#### Task instructions:
What you return must match the listing word for word.

%%

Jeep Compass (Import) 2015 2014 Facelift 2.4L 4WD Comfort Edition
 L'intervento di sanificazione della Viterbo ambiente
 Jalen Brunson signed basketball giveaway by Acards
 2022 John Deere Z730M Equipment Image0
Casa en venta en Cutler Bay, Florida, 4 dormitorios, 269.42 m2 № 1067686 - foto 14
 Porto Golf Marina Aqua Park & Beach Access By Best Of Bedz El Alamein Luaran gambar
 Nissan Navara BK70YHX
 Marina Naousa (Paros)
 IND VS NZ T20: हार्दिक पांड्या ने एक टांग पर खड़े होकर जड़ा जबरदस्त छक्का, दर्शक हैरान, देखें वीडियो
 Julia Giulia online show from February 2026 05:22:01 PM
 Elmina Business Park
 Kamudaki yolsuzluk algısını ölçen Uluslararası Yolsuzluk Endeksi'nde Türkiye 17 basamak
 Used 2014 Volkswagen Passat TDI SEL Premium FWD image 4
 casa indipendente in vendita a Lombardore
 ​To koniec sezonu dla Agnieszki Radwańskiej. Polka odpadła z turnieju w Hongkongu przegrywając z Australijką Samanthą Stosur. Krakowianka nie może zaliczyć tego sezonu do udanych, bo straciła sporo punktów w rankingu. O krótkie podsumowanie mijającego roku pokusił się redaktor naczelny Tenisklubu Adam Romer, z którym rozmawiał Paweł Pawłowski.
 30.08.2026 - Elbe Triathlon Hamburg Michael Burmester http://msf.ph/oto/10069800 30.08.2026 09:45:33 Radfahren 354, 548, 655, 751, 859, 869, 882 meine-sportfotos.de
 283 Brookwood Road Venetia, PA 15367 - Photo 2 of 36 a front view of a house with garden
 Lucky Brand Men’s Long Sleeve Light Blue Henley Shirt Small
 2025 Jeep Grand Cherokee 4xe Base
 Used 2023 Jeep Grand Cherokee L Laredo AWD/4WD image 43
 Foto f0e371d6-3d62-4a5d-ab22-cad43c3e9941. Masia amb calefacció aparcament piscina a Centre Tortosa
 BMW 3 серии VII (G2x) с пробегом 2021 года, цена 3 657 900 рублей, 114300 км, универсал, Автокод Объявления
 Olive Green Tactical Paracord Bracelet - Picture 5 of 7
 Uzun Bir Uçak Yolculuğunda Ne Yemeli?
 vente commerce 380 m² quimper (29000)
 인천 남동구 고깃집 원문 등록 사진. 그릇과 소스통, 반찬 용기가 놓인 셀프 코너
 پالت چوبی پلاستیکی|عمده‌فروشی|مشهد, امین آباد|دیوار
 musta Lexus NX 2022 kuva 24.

%%

#### Problem solution:
Jeep Compass (Import) 2015 2014 Facelift 2.4L 4WD Comfort Edition
 L'intervento di sanificazione della Viterbo ambiente
 Jalen Brunson signed basketball giveaway by Acards
 2022 John Deere Z730M Equipment Image0
Casa en venta en Cutler Bay, Florida, 4 dormitorios, 269.42 m2 № 1067686 - foto 14
 Porto Golf Marina Aqua Park & Beach Access By Best Of Bedz El Alamein Luaran gambar
 Nissan Navara BK70YHX
 Marina Naousa (Paros)
 IND VS NZ T20: हार्दिक पांड्या ने एक टांग पर खड़े होकर जड़ा जबरदस्त छक्का, दर्शक हैरान, देखें वीडियो
 Julia Giulia online show from February 2026 05:22:01 PM
 Elmina Business Park
 Kamudaki yolsuzluk algısını ölçen Uluslararası Yolsuzluk Endeksi'nde Türkiye 17 basamak
 Used 2014 Volkswagen Passat TDI SEL Premium FWD image 4
 casa indipendente in vendita a Lombardore
 ​To koniec sezonu dla Agnieszki Radwańskiej. Polka odpadła z turnieju w Hongkongu przegrywając z Australijką Samanthą Stosur. Krakowianka nie może zaliczyć tego sezonu do udanych, bo straciła sporo punktów w rankingu. O krótkie podsumowanie mijającego roku pokusił się redaktor naczelny Tenisklubu Adam Romer, z którym rozmawiał Paweł Pawłowski.
 30.08.2026 - Elbe Triathlon Hamburg Michael Burmester http://msf.ph/oto/10069800 30.08.2026 09:45:33 Radfahren 354, 548, 655, 751, 859, 869, 882 meine-sportfotos.de
 283 Brookwood Road Venetia, PA 15367 - Photo 2 of 36 a front view of a house with garden
 Lucky Brand Men’s Long Sleeve Light Blue Henley Shirt Small
 2025 Jeep Grand Cherokee 4xe Base
 Used 2023 Jeep Grand Cherokee L Laredo AWD/4WD image 43
 Foto f0e371d6-3d62-4a5d-ab22-cad43c3e9941. Masia amb calefacció aparcament piscina a Centre Tortosa
 BMW 3 серии VII (G2x) с пробегом 2021 года, цена 3 657 900 рублей, 114300 км, универсал, Автокод Объявления
 Olive Green Tactical Paracord Bracelet - Picture 5 of 7
 Uzun Bir Uçak Yolculuğunda Ne Yemeli?
 vente commerce 380 m² quimper (29000)
 인천 남동구 고깃집 원문 등록 사진. 그릇과 소스통, 반찬 용기가 놓인 셀프 코너
 پالت چوبی پلاستیکی|عمده‌فروشی|مشهد, امین آباد|دیوار
 musta Lexus NX 2022 kuva 24.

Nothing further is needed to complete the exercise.